*** Recorded information ***

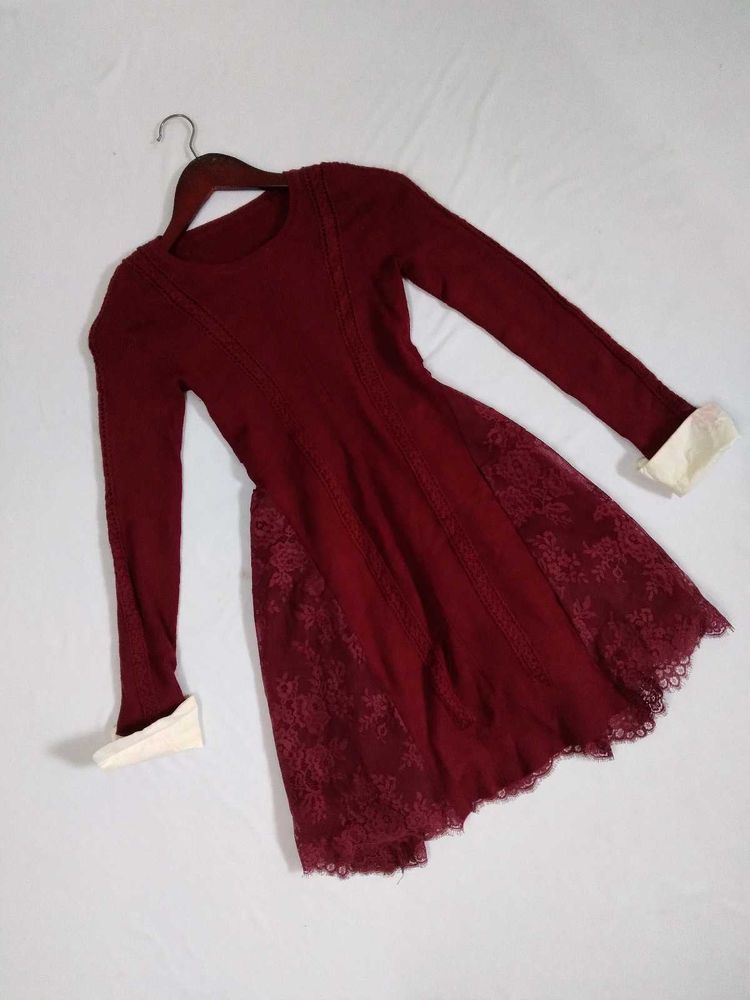 WINTER..Burgundy Lace Dress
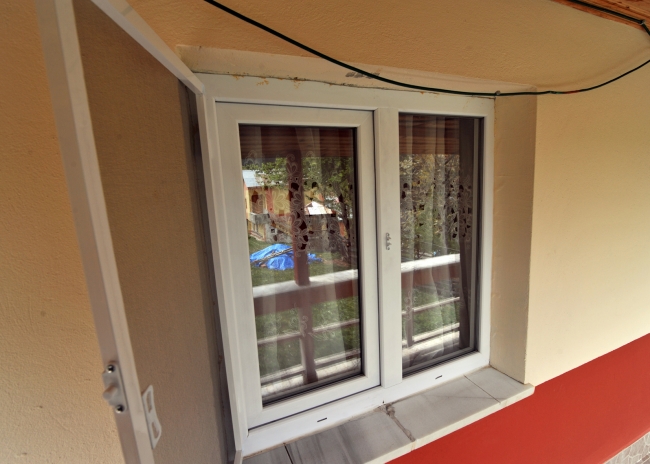 PKK'lı teröristler yayla evlerinden erzak çaldı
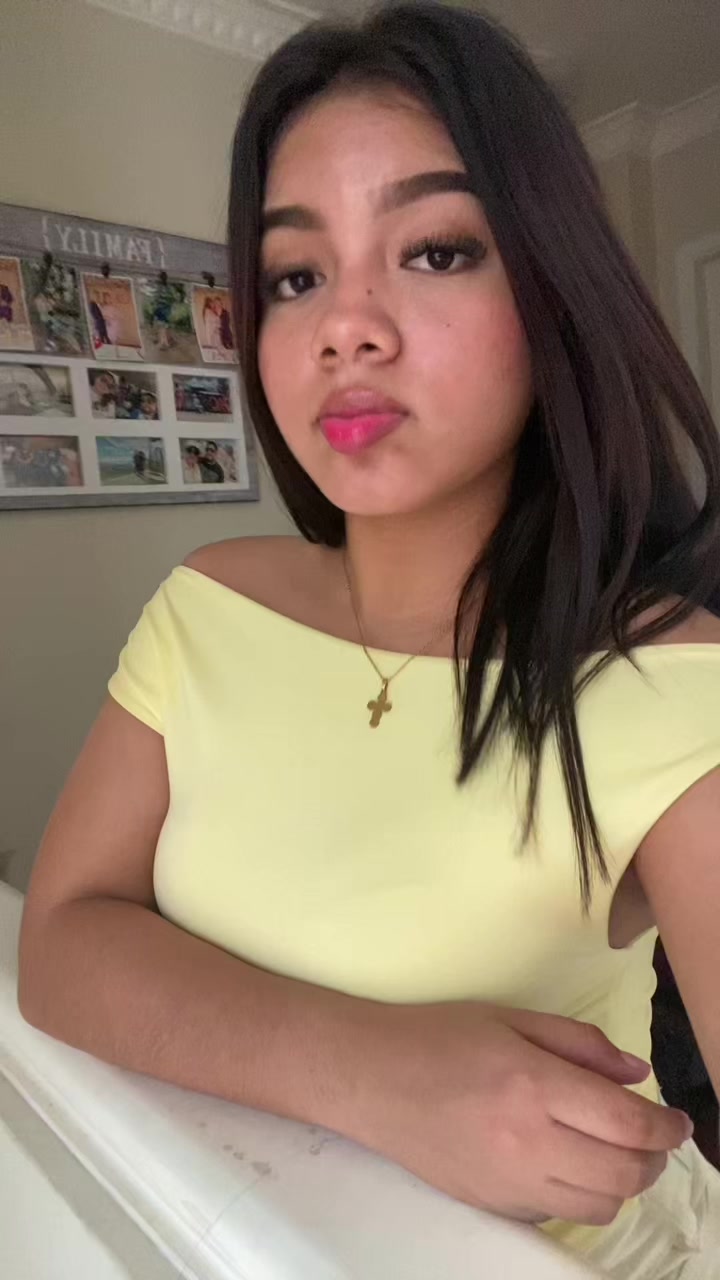 @𝕯𝖆𝖓𝖓𝖎𝖙𝖆 🍒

***

Set the preceding data down again word for word, omitting images.

■ Answer box ■
 WINTER..Burgundy Lace Dress
 PKK'lı teröristler yayla evlerinden erzak çaldı
 @𝕯𝖆𝖓𝖓𝖎𝖙𝖆 🍒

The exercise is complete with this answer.